→ WHAT YOU WILL DO: Below are some records. Return exactly their lines from the one containing "Hey guys, my" through the one containing "I've got one", and drop the pictures.

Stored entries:
Start of Block

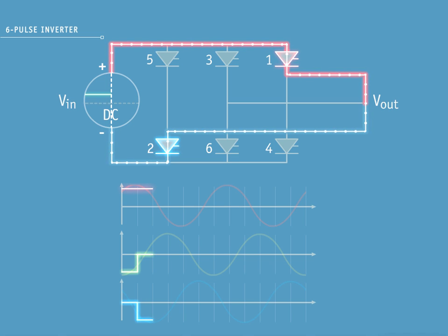With pulse 2, you can see blue phase on a negative pulse on the increasing side of the sine wave. Red phase is on a positive pulse on the decreasing side of the sine wave. Yellow phase is not conducting.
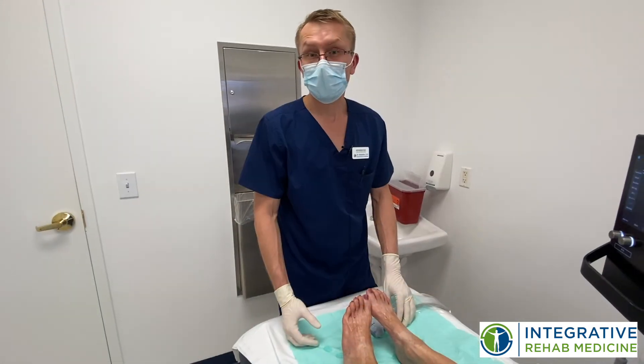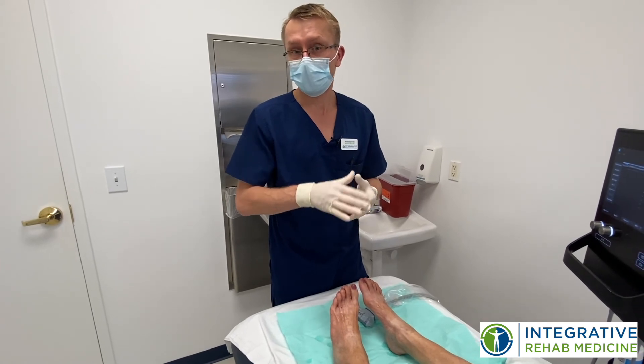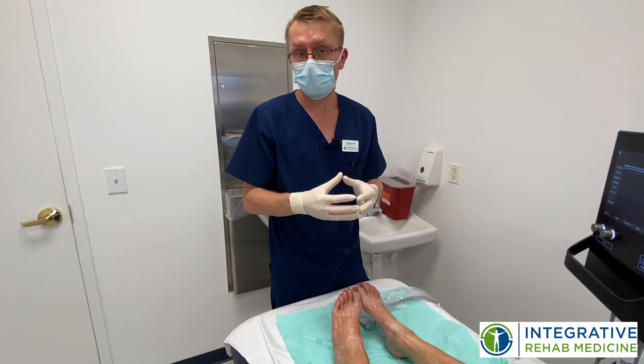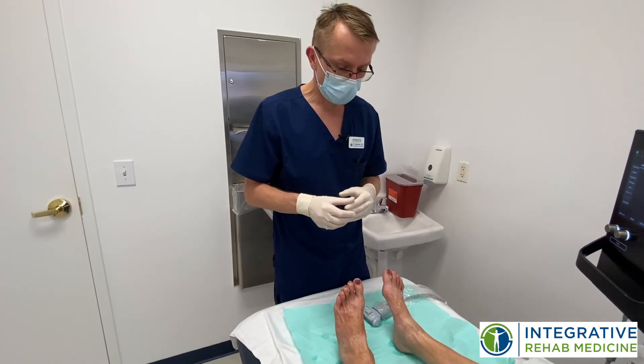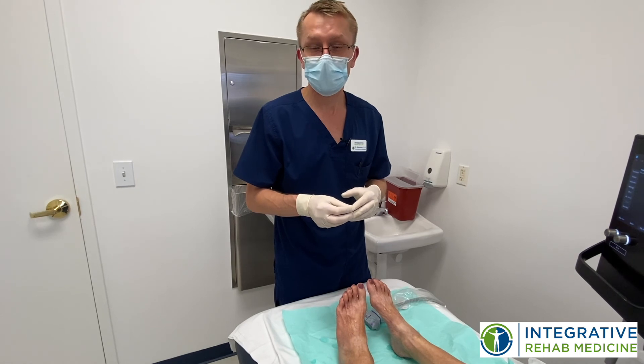So we are done with Lee's procedure. All the nerves of her legs have been hydrodissected and the plasma has been injected around the nerves. Now the plasma is going to start working by releasing all these growth factors, and it's going to stimulate the nerves to start regrowing and regenerating. Hopefully in a couple of months we'll see Lee moving a little bit better and dancing and having a good time.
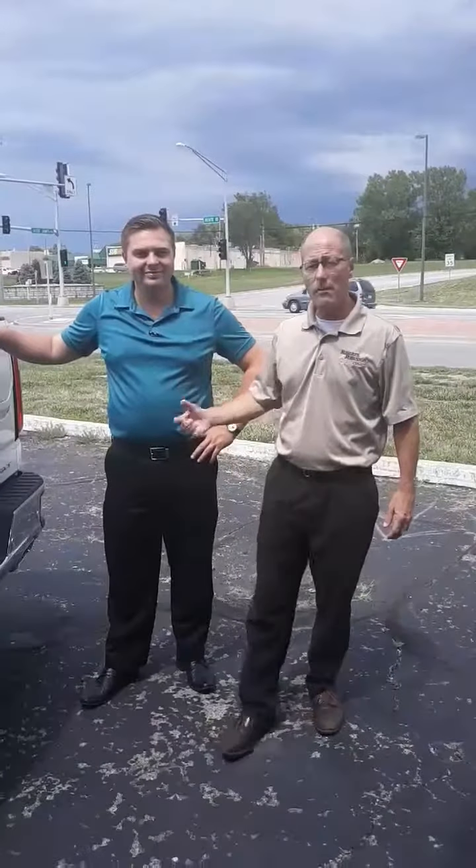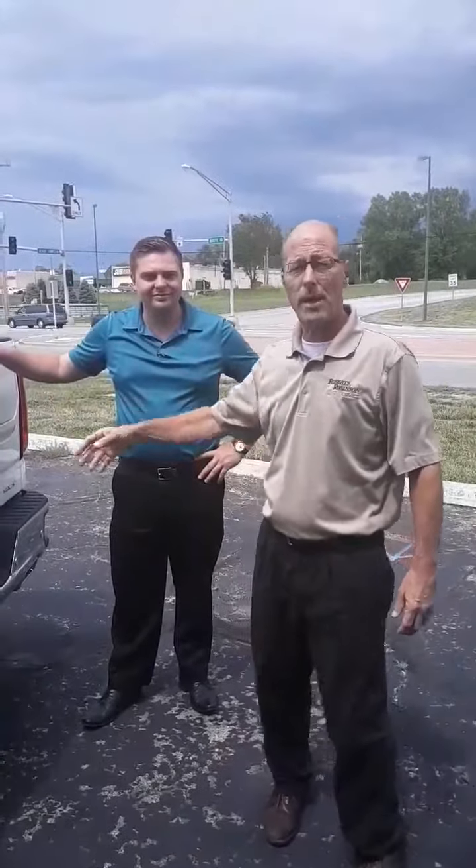Hey guys, my name is Ron and this is Austin. We're with Roberts Robinson up here in Excelsior Springs, Missouri. I'm going to have Austin show you the tailgate on the back of this GMC truck, how it all works. Austin, if you can demonstrate that and show them what we've got here.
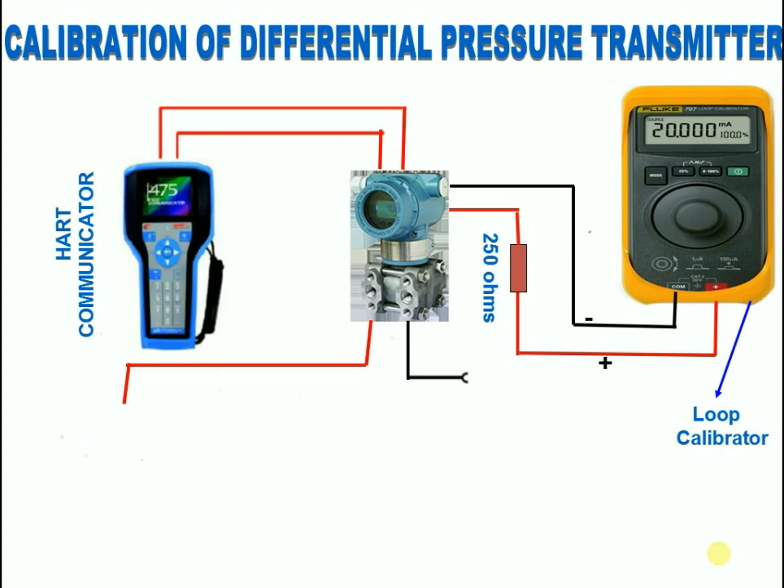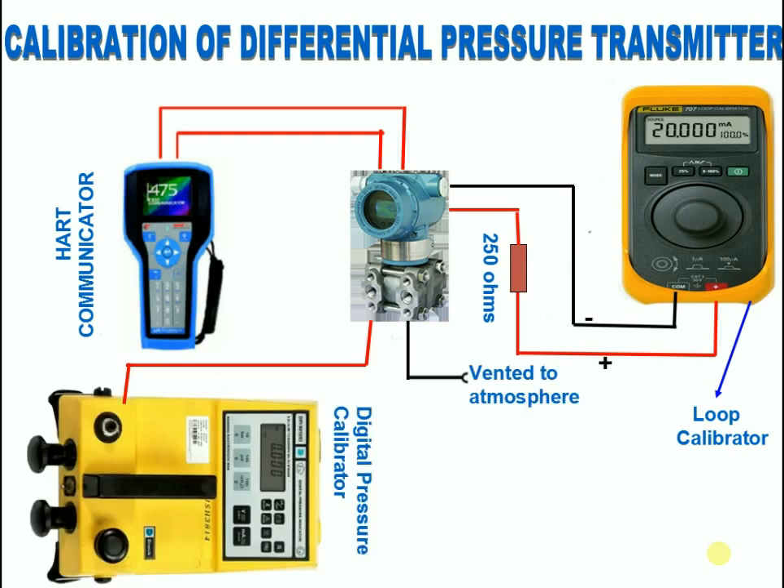What is a digital pressure calibrator? It is a portable pressure indicator. This microprocessor-based instrument uses an internal transducer to measure and display pneumatic pressures applied to the connection port. It contains a pneumatic hand pump, volume adjuster, and vent valve.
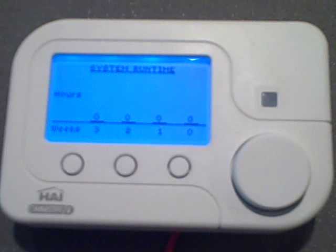Well, that does it for my demonstration on operating HAI's award-winning Omnistat 2 thermostat. Thank you very much for watching.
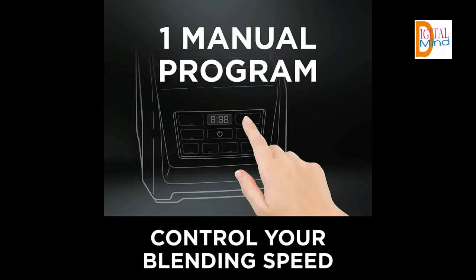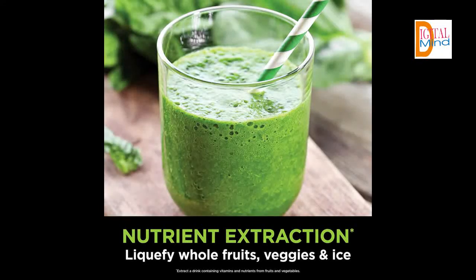Model Number QB3001SS. Voltage: 120V, Frequency: 60 Hertz. Pulse Technology — lightly push down on the cup and let Ninja Pulse Technology blast through ice and frozen ingredients.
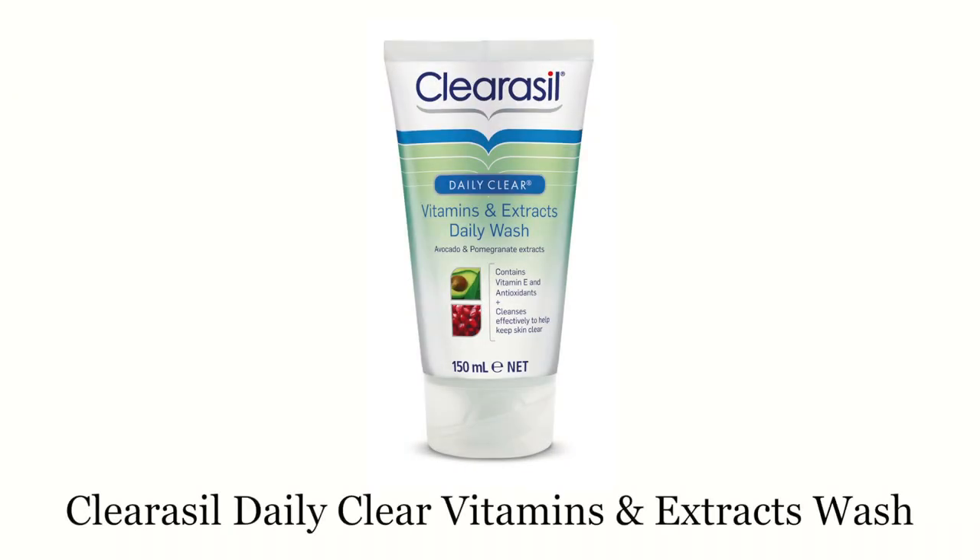I recommend cleansing with a really nourishing hydrating cleanser. Thanks to the vitamin E, avocado extract and pomegranate extract in the formulation, this cleanser really works to nourish your skin, keeping it hydrated and smooth, as well as providing that antioxidant protection from free radicals.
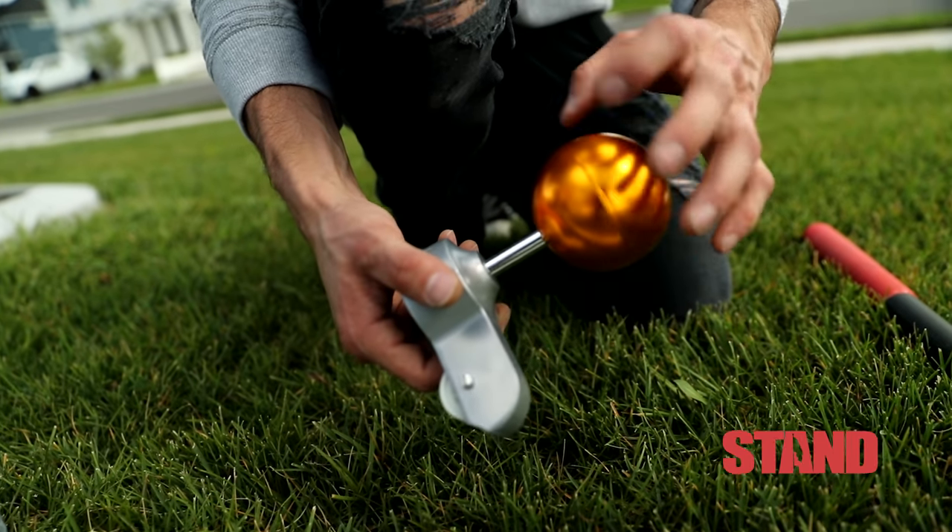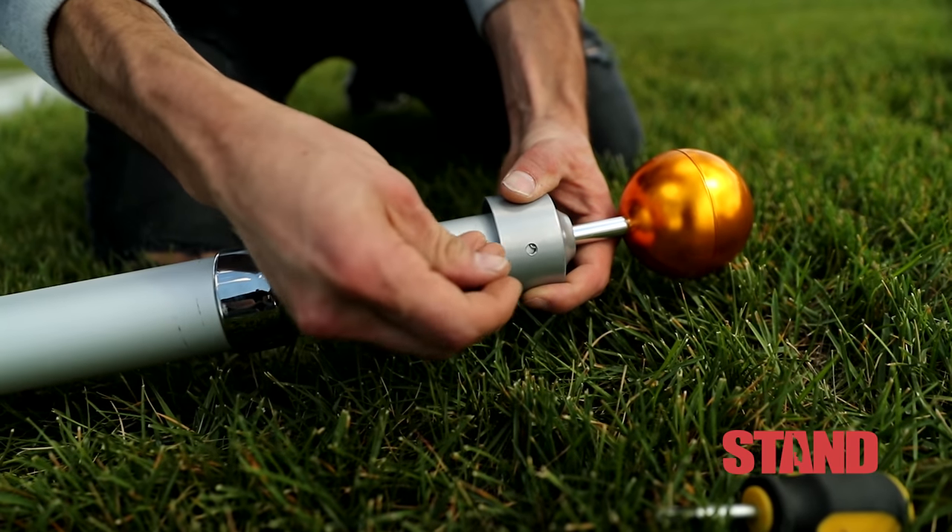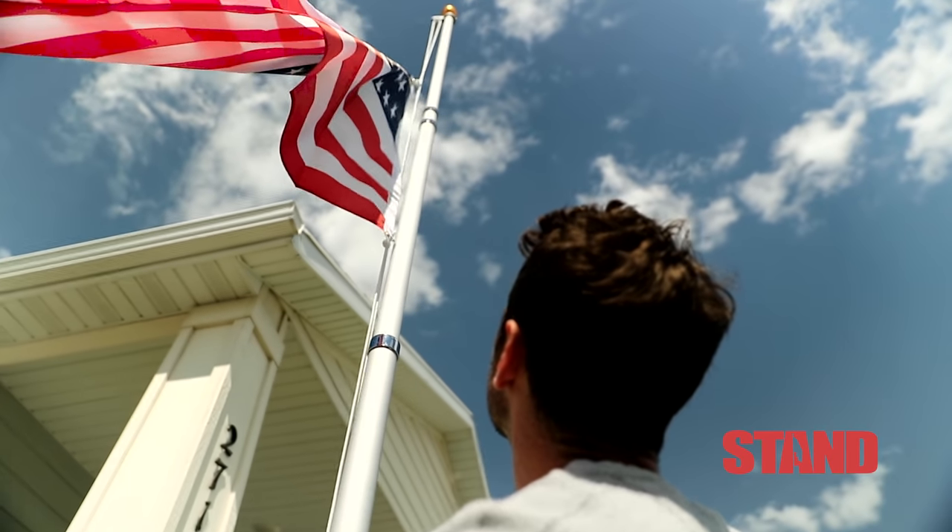Finally, we added a halyard pulley system, allowing you to fly your flag at full or half-staff easily and quickly.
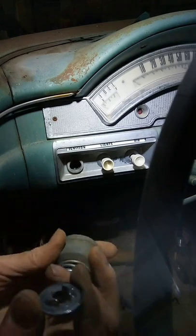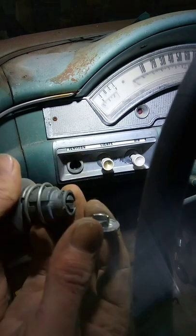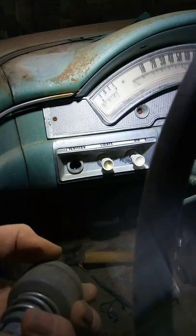You can see here, it's just a cam on that lock and the spring on the switch itself is what holds it on. Just like that — super simple.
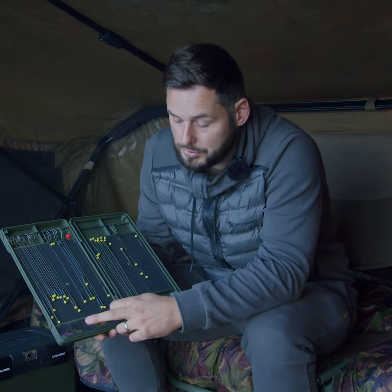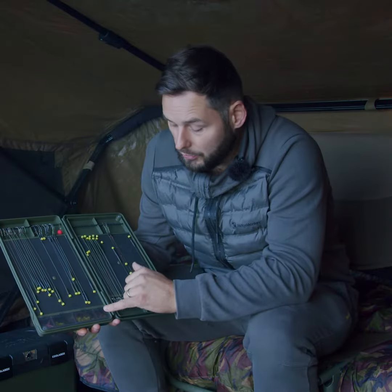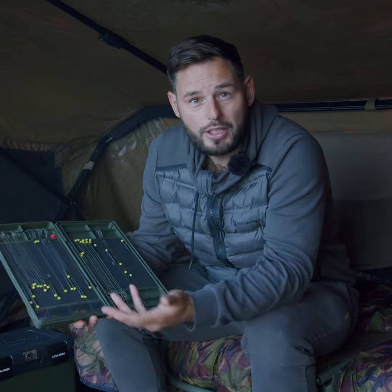I've got one compartment for the double pins, one for the single pins, and I've got hair stops in there also. I've got matching hair stops to my bottom baits and some from the pop-ups in matching colours. But it really is down to the angler what they'd like to put in there — you can put plastics in there, the options are endless.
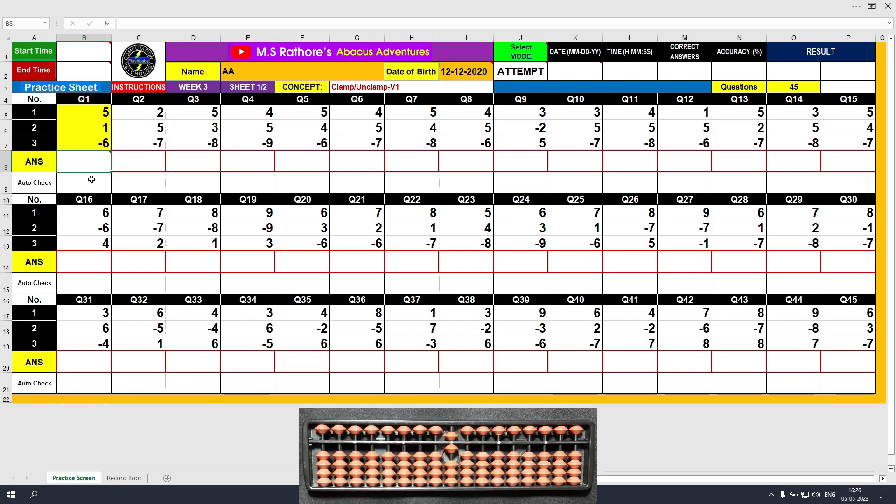Welcome to week 3 of the training program. This is sheet 1 of 2, meaning we have two sheets to solve this week. The concept being learnt here is clamp unclamp v1, where v1 stands for variant 1, that is sheet 1. Clamp or unclamp motion is used on the ones place value to add or subtract 6, 7, 8, or 9 values.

End of Block

→ ANSWER AREA:
Hey guys, my name is Ron and this is Austin. We're with Roberts Robinson up here in Excelsior Springs, Missouri. I'm going to have Austin show you the tailgate on the back of this GMC truck, how it all works. Austin, if you can demonstrate that and show them what we've got here.
What is a digital pressure calibrator? It is a portable pressure indicator. This microprocessor-based instrument uses an internal transducer to measure and display pneumatic pressures applied to the connection port. It contains a pneumatic hand pump, volume adjuster, and vent valve.
Well, that does it for my demonstration on operating HAI's award-winning Omnistat 2 thermostat. Thank you very much for watching.
Model Number QB3001SS. Voltage: 120V, Frequency: 60 Hertz. Pulse Technology — lightly push down on the cup and let Ninja Pulse Technology blast through ice and frozen ingredients.
I recommend cleansing with a really nourishing hydrating cleanser. Thanks to the vitamin E, avocado extract and pomegranate extract in the formulation, this cleanser really works to nourish your skin, keeping it hydrated and smooth, as well as providing that antioxidant protection from free radicals.
Finally, we added a halyard pulley system, allowing you to fly your flag at full or half-staff easily and quickly.
You can see here, it's just a cam on that lock and the spring on the switch itself is what holds it on. Just like that — super simple.
I've got one compartment for the double pins, one for the single pins, and I've got hair stops in there also. I've got matching hair stops to my bottom baits and some from the pop-ups in matching colours. But it really is down to the angler what they'd like to put in there — you can put plastics in there, the options are endless.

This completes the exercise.